The elevator shuddered to a stop and a bell sounded their arrival.  When the doors opened, both Deb and Izzy let out a gasp. The subterranean facility they’d been taken to extended far past the boundaries of the building above.  It resembled an enormous warehouse more than a basement, all metal surfaces and fluorescent lights. Huge glass spheres sat on iron pedestals arranged in rows all the way down the room,  iridescent colors flashing inside at random intervals. The ceiling rose far above their heads, supported by massive columns spaced between the spheres. Each wall had a number of closed doors, suggesting that whatever this place was, it was even bigger than what they could see.

Howitz stepped briskly out of the elevator, ignoring their reaction.  “Right this way, please.”  

“We can’t have been in there long enough to get this far down,” Izzy said, staring up at the tall ceiling.

The detective offered a small grin.  “Our elevator is deceptively fast. Follow me, please.”

She walked toward one of the doors to the side, her footsteps echoing in the vast, empty space.  After a moment of hesitation, Izzy followed and Deb fell in behind her.

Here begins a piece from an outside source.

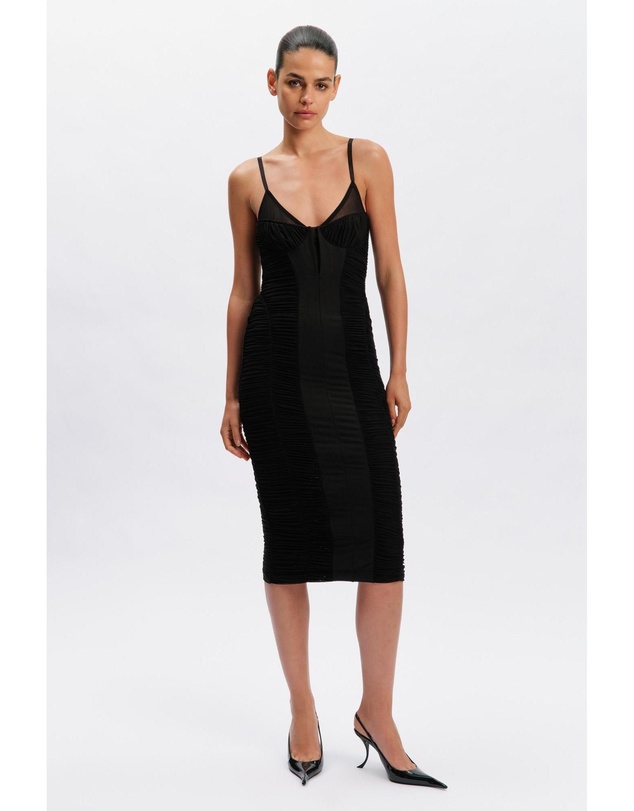 Bardot - Melia Gathered Midi Dress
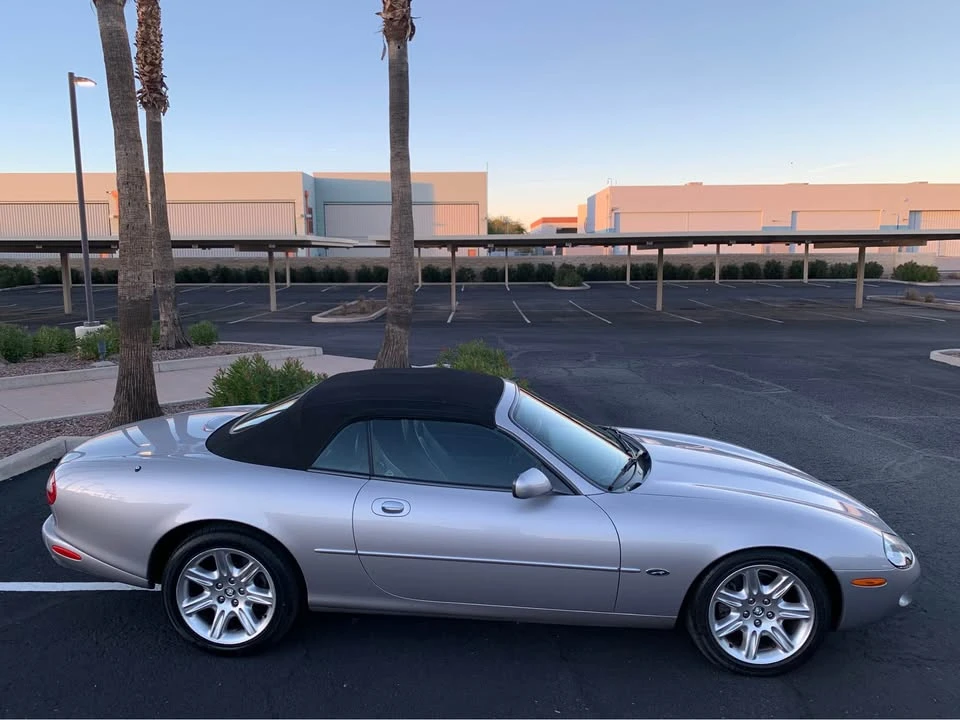 2000 Jaguar X100 XK8 - Image 10 of 19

“What is this place?” Deb asked.  “It’s like something out of a movie.”

“Our department has…adequate funding,” Howitz said, opening a door and gesturing for them to enter.  “Please have a seat. I will be back shortly.” 

The cramped space inside resembled the interview room from every cop show Deb had ever seen, right down to the incongruously large mirror that she presumed was a window on the other side.  Howitz closed the door behind Izzy, leaving the pair alone together in the cramped room. Deb pulled out one of the metal chairs and sat down, looking up toward the ceiling away from Izzy.

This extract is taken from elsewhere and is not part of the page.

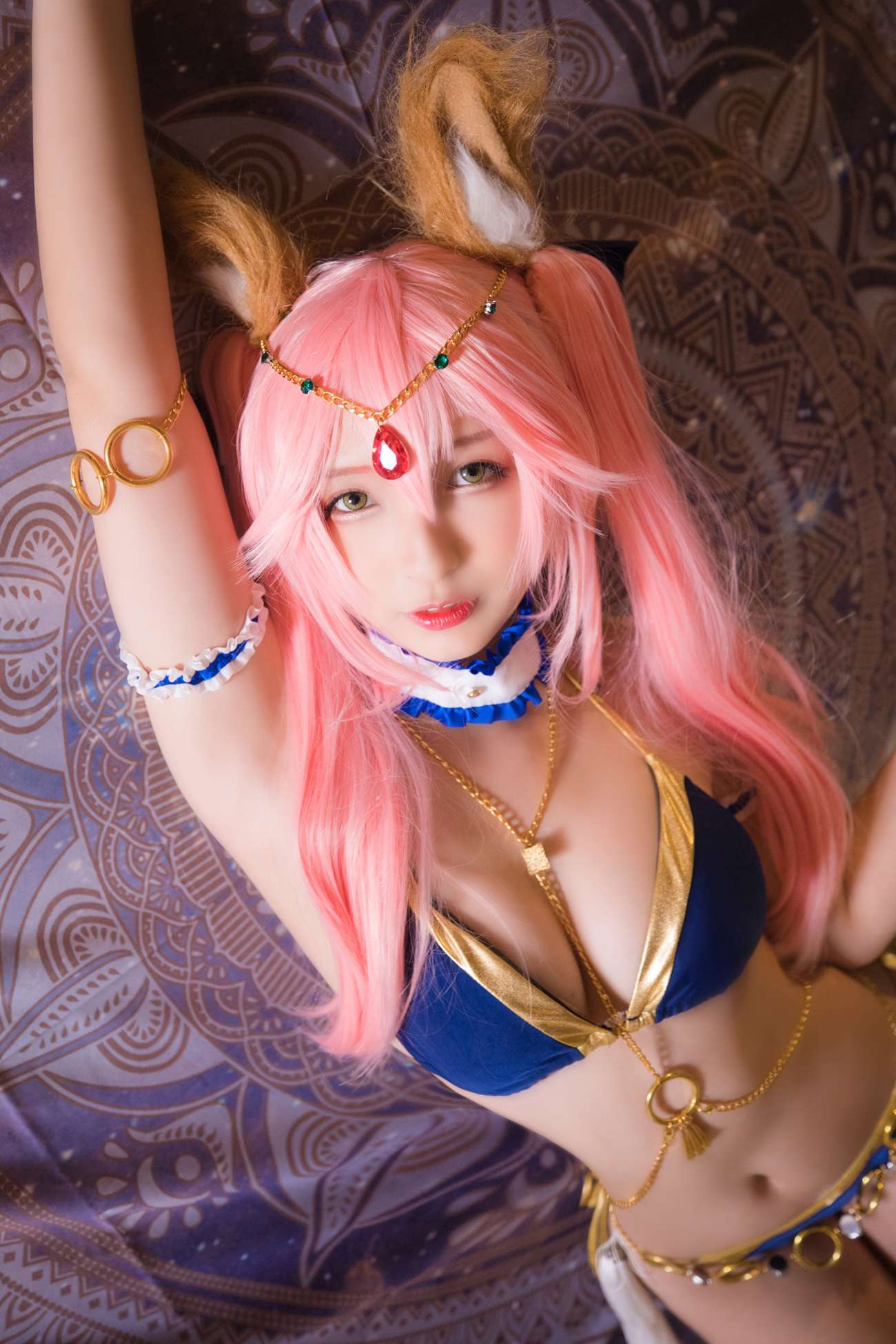 图片[127]-神楽板真冬 玉藻前舞娘 – 速更版-美库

“What do you think they do here?”  the college girl asked.  “I thought they were with the FBI or something, but this place is more like a superhero’s hideout.”

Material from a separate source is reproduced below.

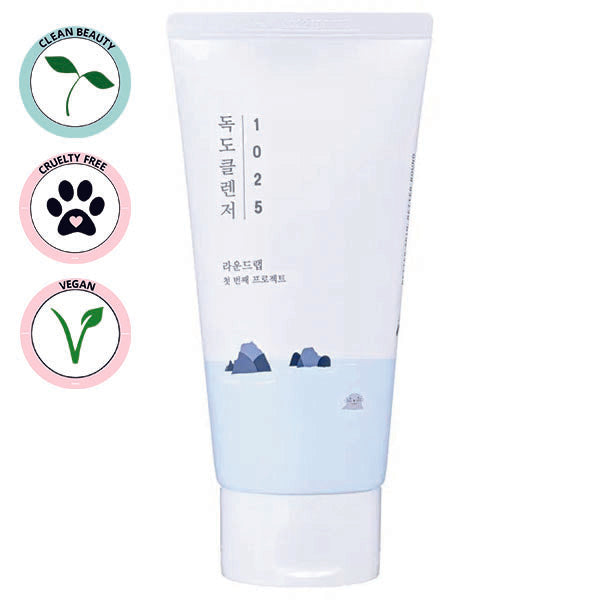 ROUND LAB | 1025 Dokdo Cleanser 150ml (Detergente)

“I don’t care,” Deb lied.  “I’m more interested in what you meant back at your apartment when you said Luke used to live there.”

The girl sighed and sat down in the other chair, a metal table between them.  “It’s what I was gonna tell you when you came over. Luke doesn’t live with us anymore, hasn’t for about a year.”

“What?  He never told me that!”

“Yeah, well, I’d guess there are a lot of things he didn’t tell you.  How often do you two talk again?”

“Don’t speak to me like that!  I called him on the first of every month, and he never failed to pick up the phone until now.  Why wouldn’t he tell me?”

“Not my business.  Although…” Izzy hesitated for a moment.  Deb guessed that there wasn’t a lot she didn’t think was her business.

“Yes?” she prompted.

“It had to do with a break up.  Maybe that’s why he didn’t want to go into it with you.”

“A break-up?  But he’s—oh.”

Izzy rolled her eyes.  “Gay, yeah. No wonder he didn’t keep you in the loop.”

Deb pushed on, ignoring the twist of guilt in her chest.  “Do you think that could have something to do with why these people are interested in him?”

The college girl thought for a moment before shaking her head.  “It was a pretty typical break up, as far as I know. I can’t think of a reason why the Feds or whoever these people are would care about it.  And it sure as hell didn’t have anything to do with the dream.”

“Right.”  The dream.  Howitz had mentioned it during the drive over.  How her son was connected to a vision shared by most of the planet was a complete mystery to Deb.  She worried in silence until the door opened once more and a small man entered.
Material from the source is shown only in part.